Kwame Ayew (born 28 December 1973) is a Ghanaian former professional footballer who played as a striker.

During nearly 20 years he played professionally in six countries, mainly in Portugal where he appeared for four teams in the 90s, amassing Primeira Liga totals of 131 games and 51 goals over the course of six seasons.

Club career
Born in Tamale, Ayew started playing professionally in France at only 17, spending a couple of Ligue 1 seasons with FC Metz, then moved to Qatar with Al Ahli SC and played in another country in the following two years, Italy, appearing and scoring sparingly for U.S. Lecce (for instance, he netted four goals in 1993–94's Serie A as his club ranked last with only 28 goals, a competition-worst).

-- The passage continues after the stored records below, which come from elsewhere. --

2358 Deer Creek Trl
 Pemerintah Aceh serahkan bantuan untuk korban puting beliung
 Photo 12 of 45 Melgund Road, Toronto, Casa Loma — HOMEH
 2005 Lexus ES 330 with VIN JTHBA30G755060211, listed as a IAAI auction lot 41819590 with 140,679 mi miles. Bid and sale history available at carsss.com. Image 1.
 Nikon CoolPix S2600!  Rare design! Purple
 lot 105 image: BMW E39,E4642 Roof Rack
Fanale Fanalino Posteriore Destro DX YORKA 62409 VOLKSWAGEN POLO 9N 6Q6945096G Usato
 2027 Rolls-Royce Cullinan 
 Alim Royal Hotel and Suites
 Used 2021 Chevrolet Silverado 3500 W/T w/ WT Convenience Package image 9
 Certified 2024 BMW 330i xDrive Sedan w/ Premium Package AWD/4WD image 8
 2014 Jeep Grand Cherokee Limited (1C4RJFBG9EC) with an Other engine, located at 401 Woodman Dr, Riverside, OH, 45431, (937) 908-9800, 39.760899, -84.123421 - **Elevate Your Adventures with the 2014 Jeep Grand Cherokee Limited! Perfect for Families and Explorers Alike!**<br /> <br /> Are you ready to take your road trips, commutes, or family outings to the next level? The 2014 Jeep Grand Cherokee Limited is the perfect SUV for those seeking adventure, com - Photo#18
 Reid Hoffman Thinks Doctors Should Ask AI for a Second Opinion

Ayew moved to Portugal in 1995, and would remain there in the following five years. He started with U.D. Leiria and Vitória de Setúbal, then impressed at Boavista F.C. also in the Primeira Liga, scoring 15 times in 27 games in his second season to earn his team a best-ever at the time runner-up place, behind neighbours FC Porto.

After nearly 50 official goals for Boavista, Ayew moved to country giants Sporting Clube de Portugal. Even though he was never an automatic first-choice (having to battle for a starting berth with Alberto Acosta, Edmílson and Mbo Mpenza), he netted seven goals in 13 starts as the Lions ended an 18-year drought and conquered the national championship.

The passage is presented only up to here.